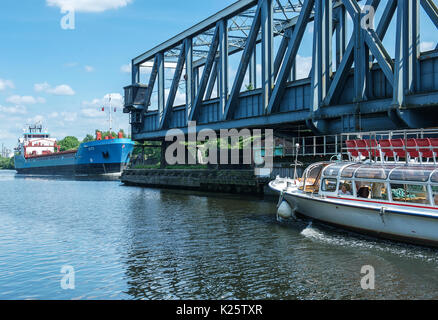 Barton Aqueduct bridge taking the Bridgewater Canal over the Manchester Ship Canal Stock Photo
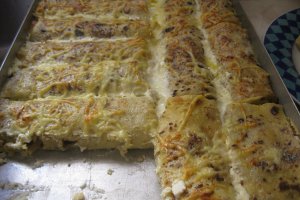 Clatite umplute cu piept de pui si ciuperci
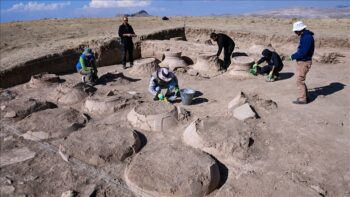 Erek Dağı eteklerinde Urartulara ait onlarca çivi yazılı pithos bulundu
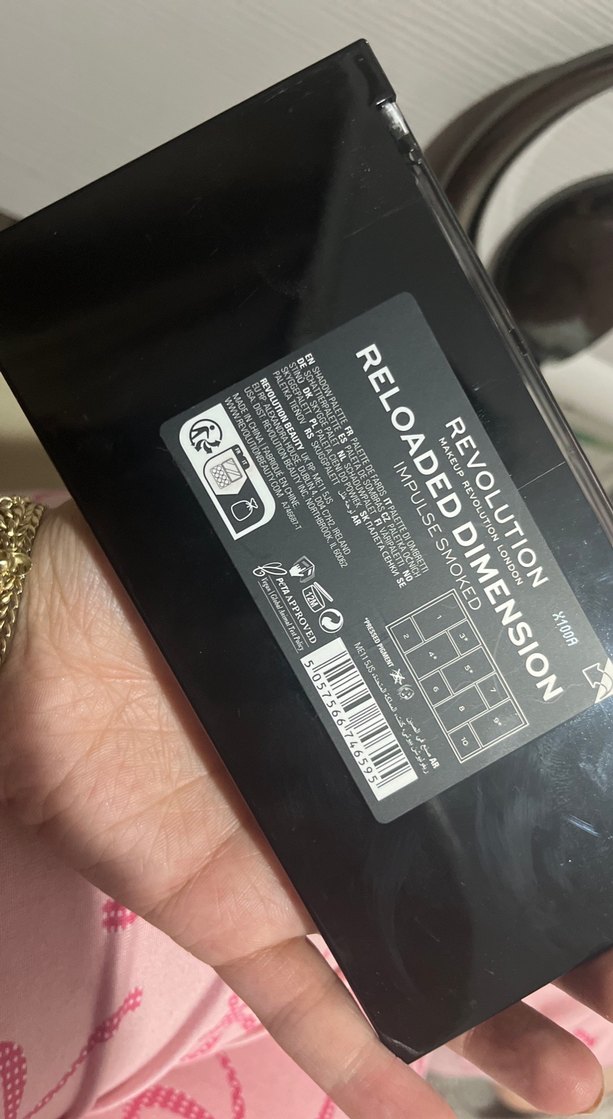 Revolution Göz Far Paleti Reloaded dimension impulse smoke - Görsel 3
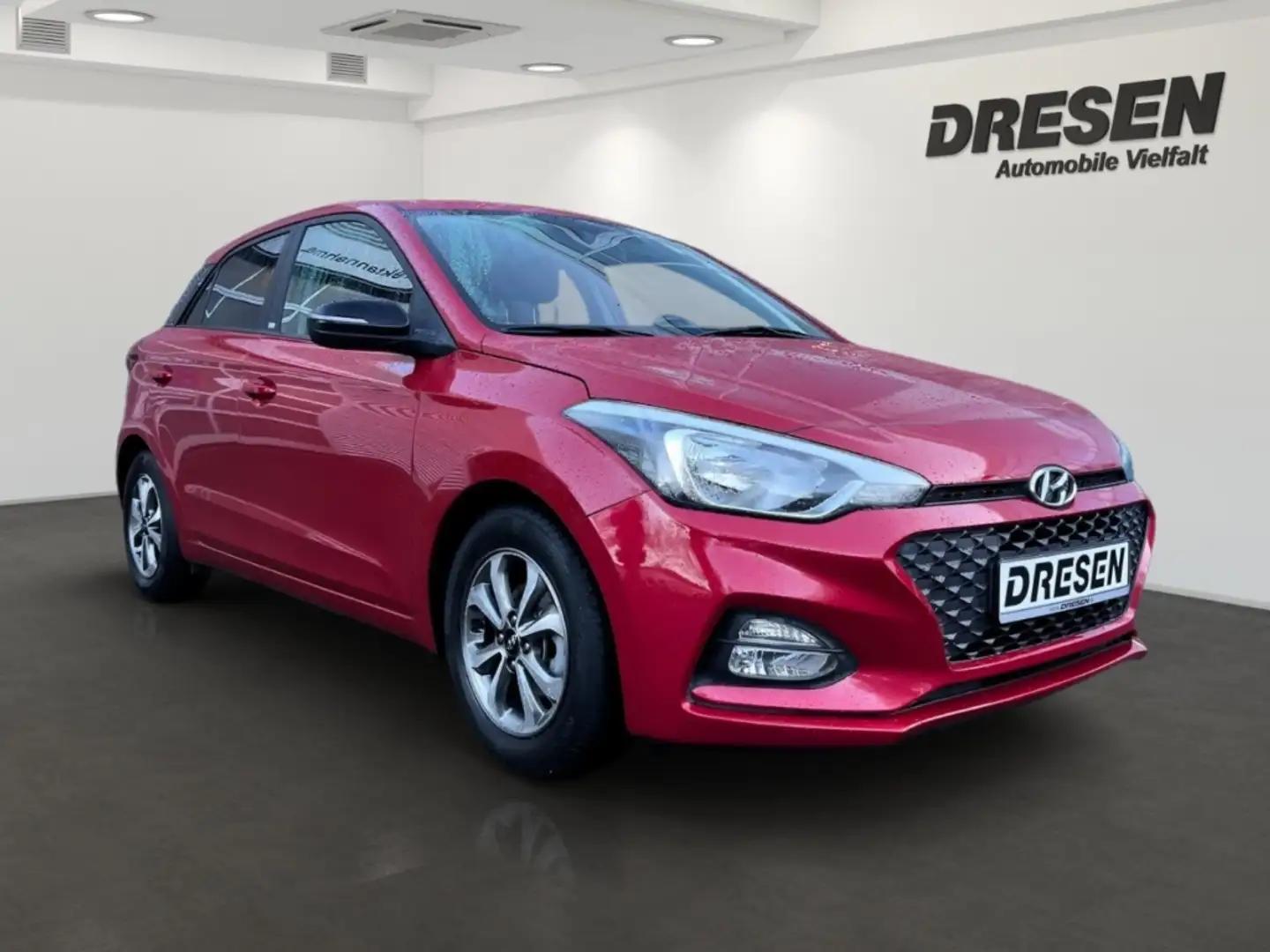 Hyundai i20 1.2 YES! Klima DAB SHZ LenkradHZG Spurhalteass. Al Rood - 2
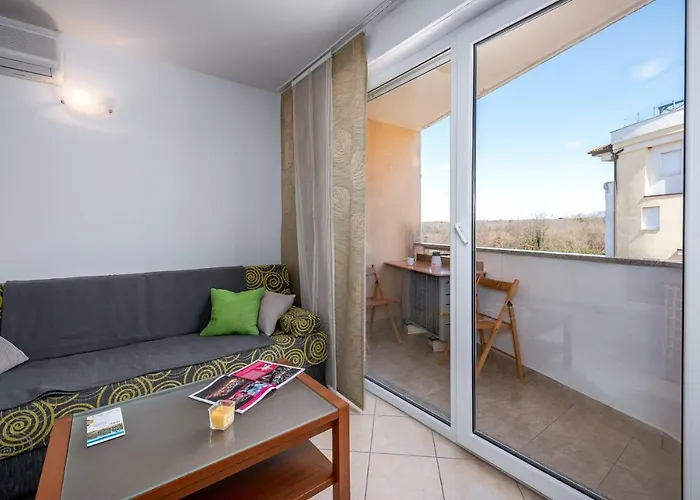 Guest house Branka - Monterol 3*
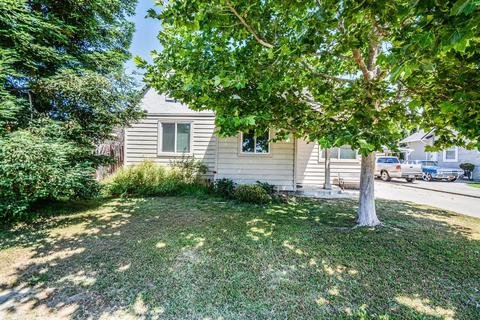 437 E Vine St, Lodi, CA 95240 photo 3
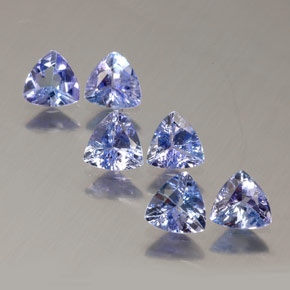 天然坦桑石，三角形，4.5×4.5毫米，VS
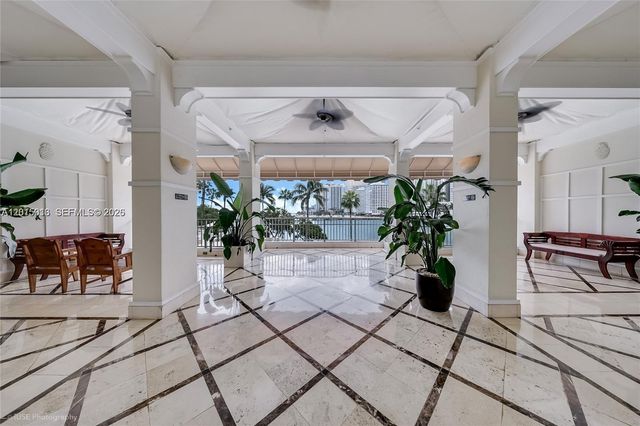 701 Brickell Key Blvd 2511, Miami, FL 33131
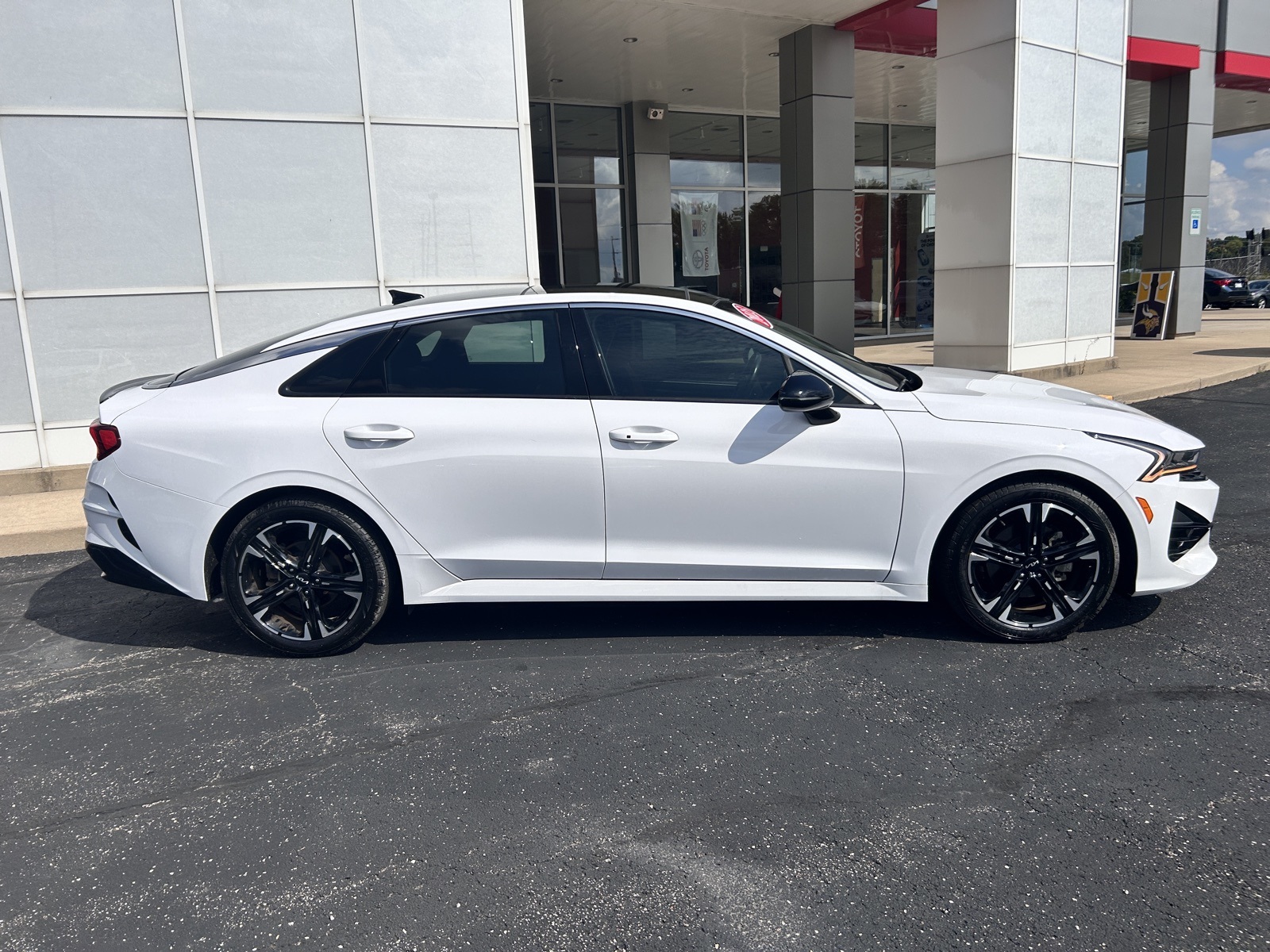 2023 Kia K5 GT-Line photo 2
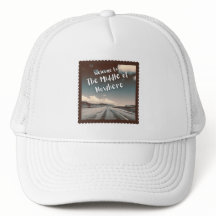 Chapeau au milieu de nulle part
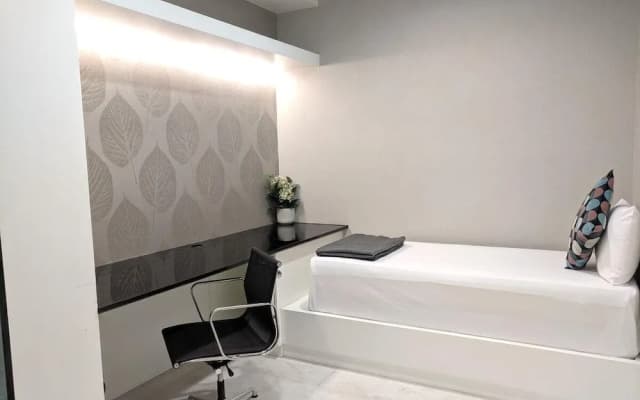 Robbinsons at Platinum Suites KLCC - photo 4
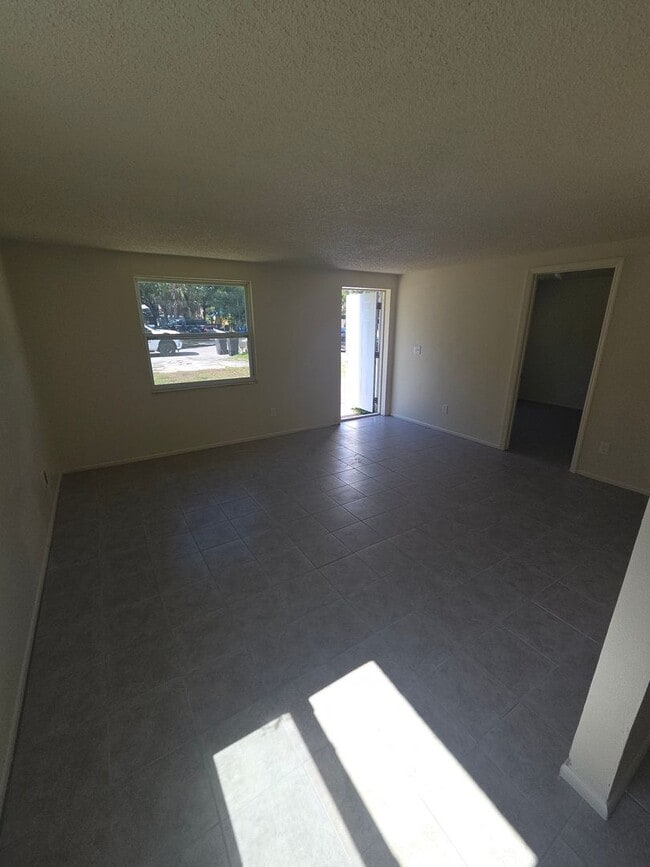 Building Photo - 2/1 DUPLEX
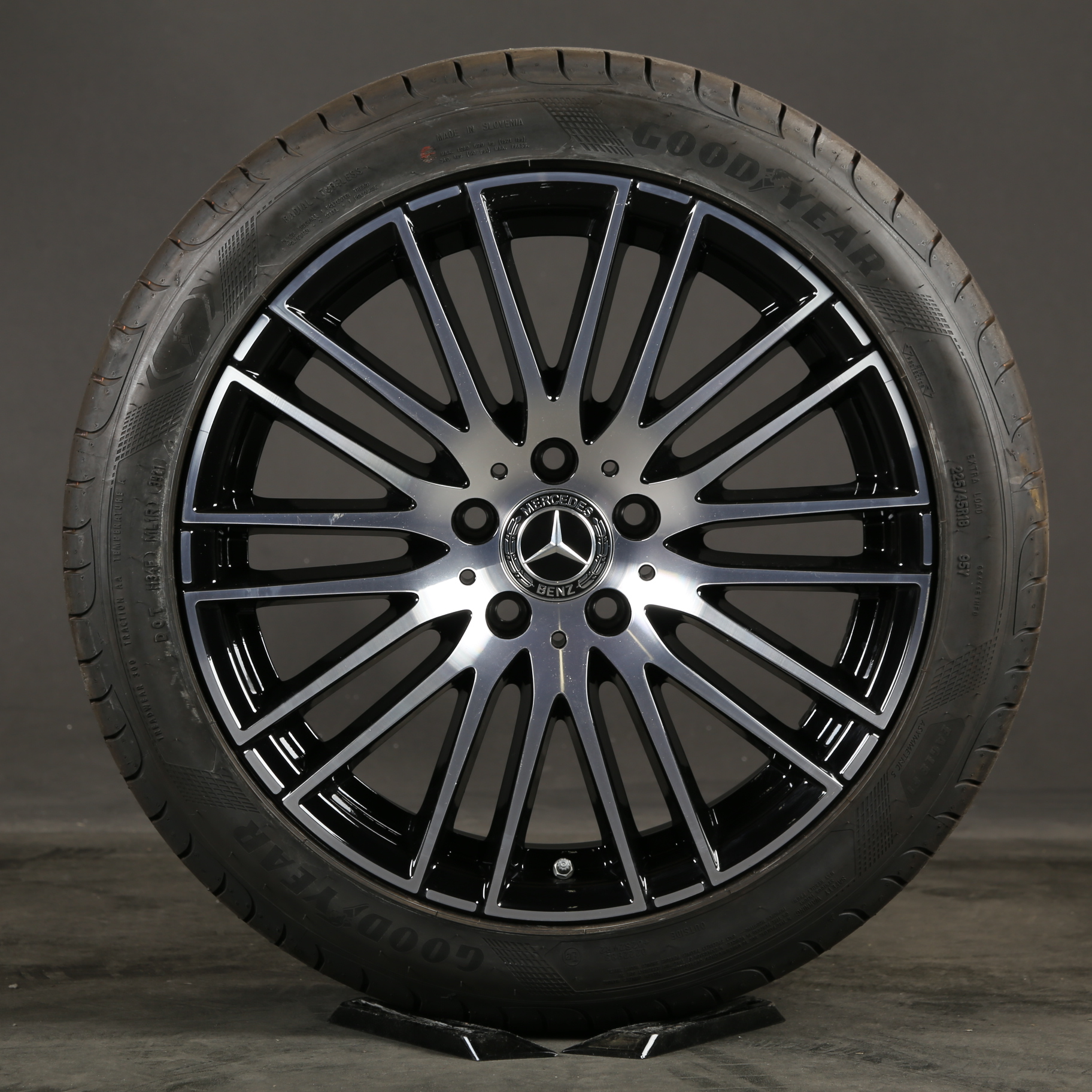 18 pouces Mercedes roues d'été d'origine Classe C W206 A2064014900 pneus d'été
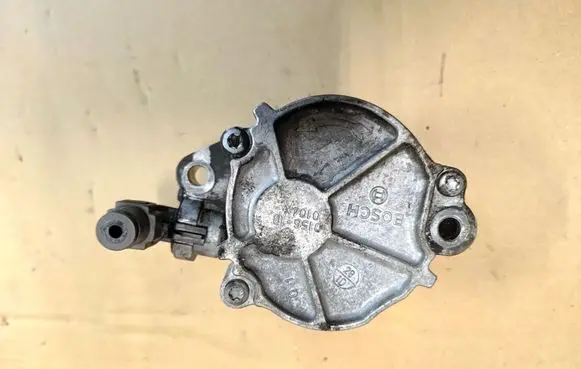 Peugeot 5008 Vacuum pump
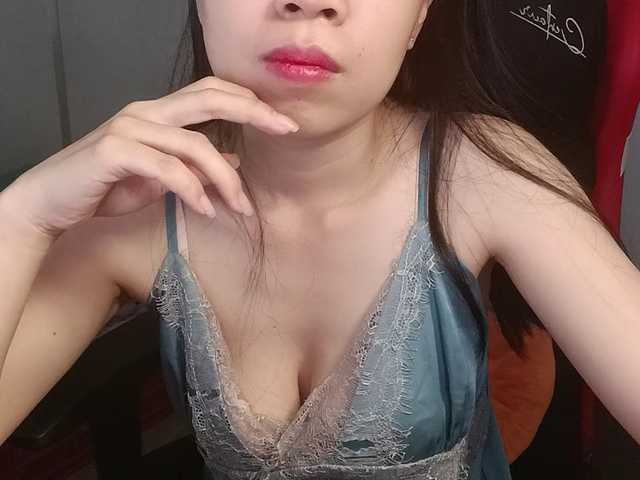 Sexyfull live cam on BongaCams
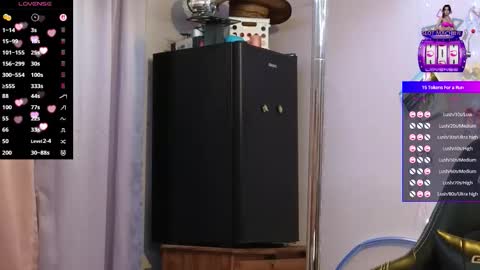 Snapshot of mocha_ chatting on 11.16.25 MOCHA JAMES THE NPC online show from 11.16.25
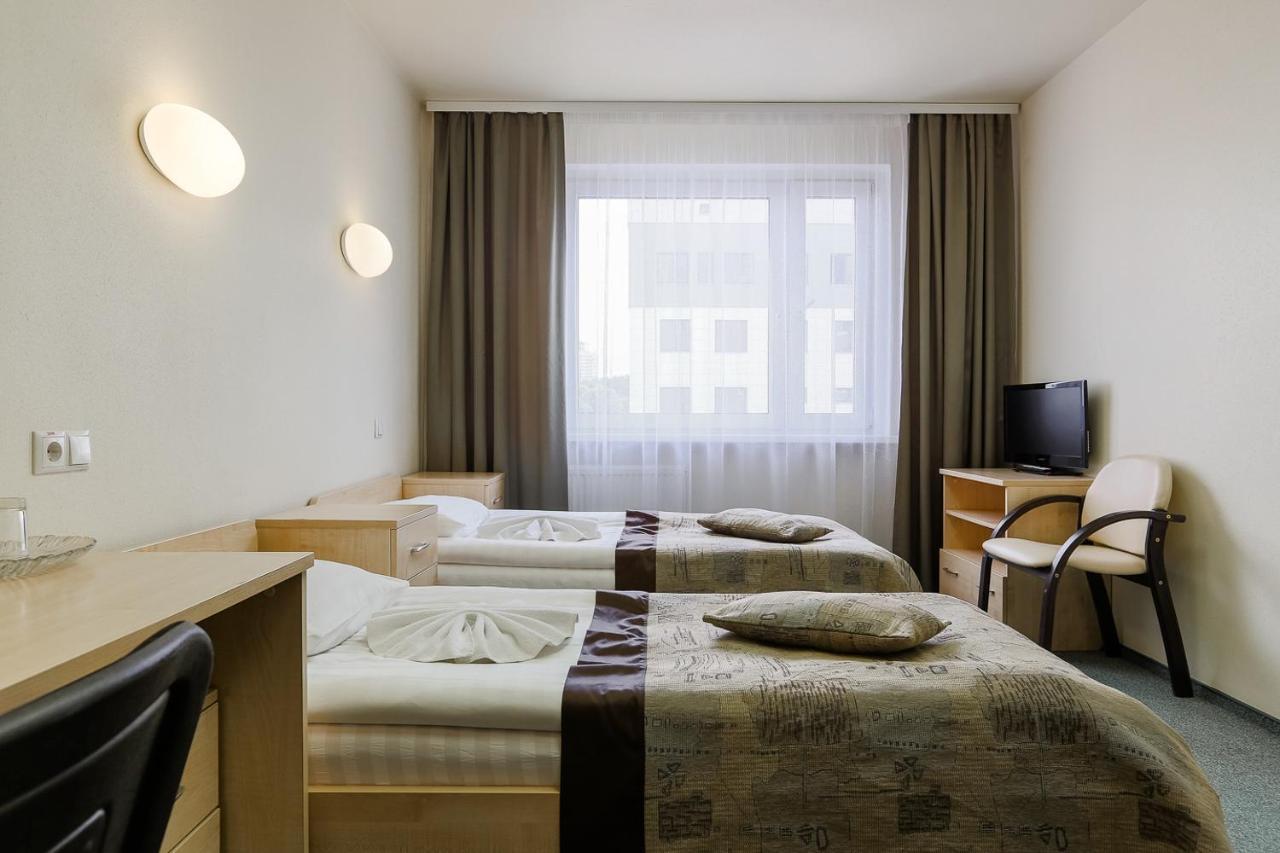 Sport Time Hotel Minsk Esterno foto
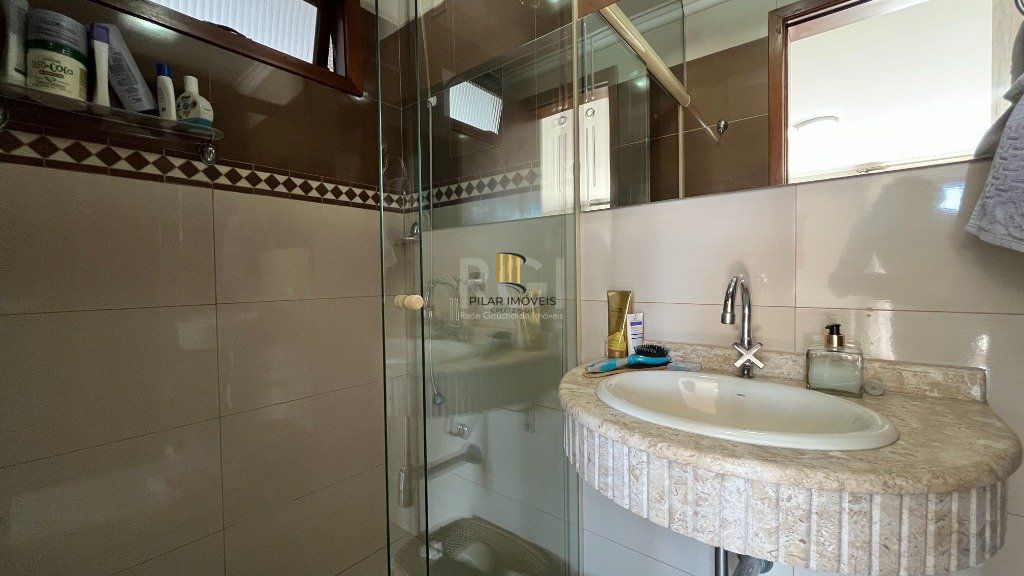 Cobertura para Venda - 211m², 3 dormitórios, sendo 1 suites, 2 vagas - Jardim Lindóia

Problem to work on: Reproduce the lines above, exactly and exclusively, from the line containing "Robbinsons at Platinum Suites KLCC - photo 4" down to the last line, both included; pictures are not part of the copy.

Completed exercise:
 Robbinsons at Platinum Suites KLCC - photo 4
 Building Photo - 2/1 DUPLEX
 18 pouces Mercedes roues d'été d'origine Classe C W206 A2064014900 pneus d'été
 Peugeot 5008 Vacuum pump
 Sexyfull live cam on BongaCams
 Snapshot of mocha_ chatting on 11.16.25 MOCHA JAMES THE NPC online show from 11.16.25
 Sport Time Hotel Minsk Esterno foto
 Cobertura para Venda - 211m², 3 dormitórios, sendo 1 suites, 2 vagas - Jardim Lindóia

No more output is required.